> _To do_
What you give back should be exactly the lines from the one with "Setelah 9 s, aktivitas" through the end of the data, without the pictures.
Given data Start Marker
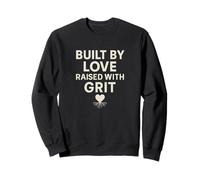 Construit par l'amour, élevé avec du grain. Force familiale. Sweatshirt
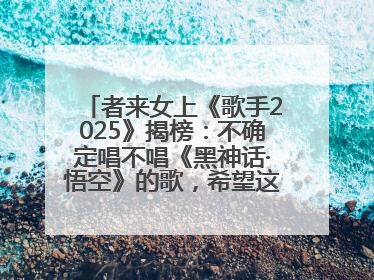 者来女上《歌手2025》揭榜：不确定唱不唱《黑神话·悟空》的歌，希望这次揭榜成功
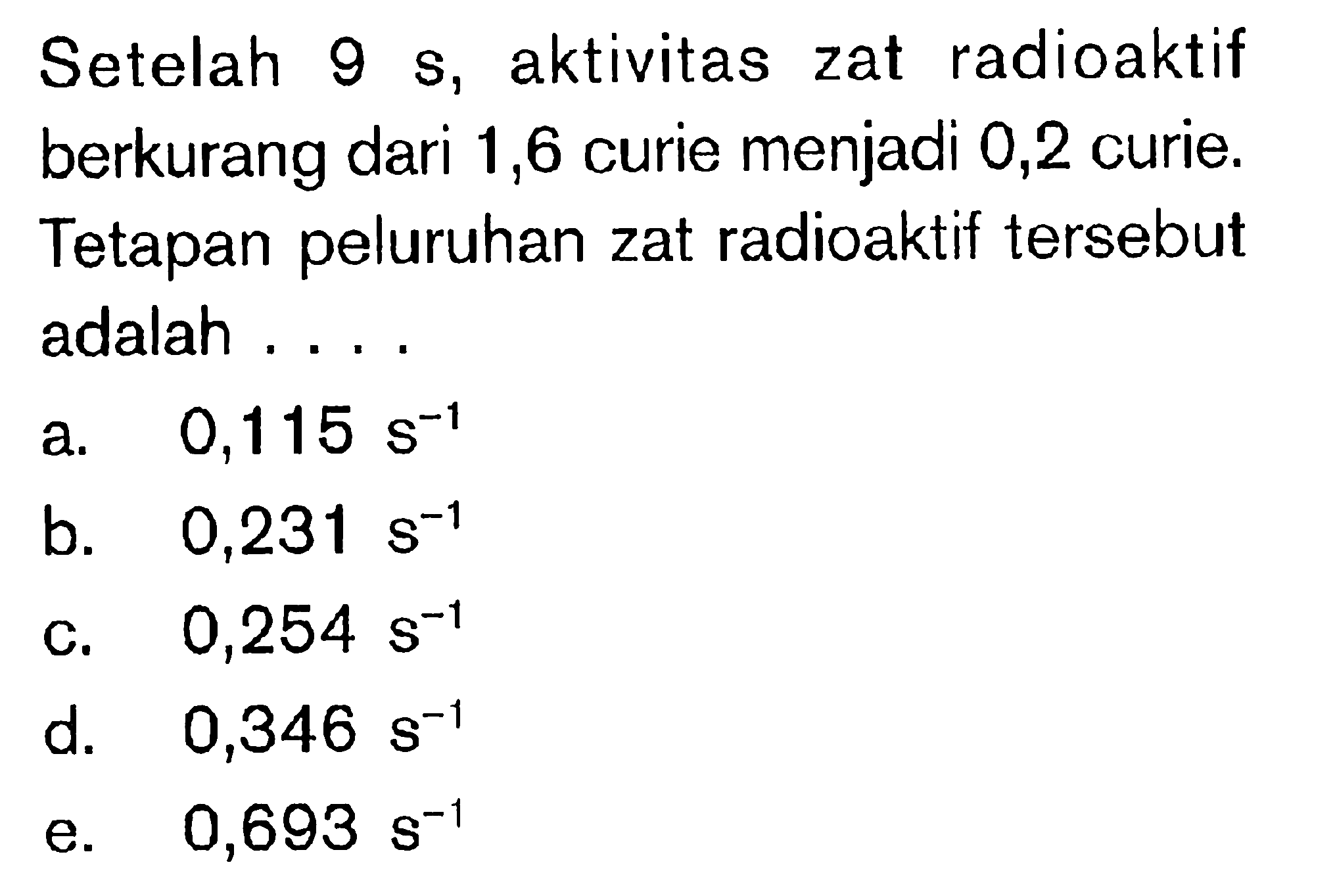 Setelah 9 s, aktivitas zat radioaktif berkurang dari 1,6 curie menjadi 0,2 curie. Tetapan peluruhan zat radioaktif tersebut adalah ....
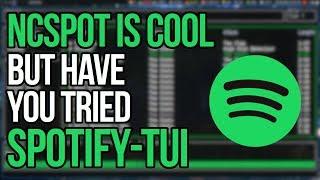 Ncspot Is No More, Spotify TUI Is My Favourite Spotify Client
Given data End Marker
> _Result_
 Setelah 9 s, aktivitas zat radioaktif berkurang dari 1,6 curie menjadi 0,2 curie. Tetapan peluruhan zat radioaktif tersebut adalah ....
 Ncspot Is No More, Spotify TUI Is My Favourite Spotify Client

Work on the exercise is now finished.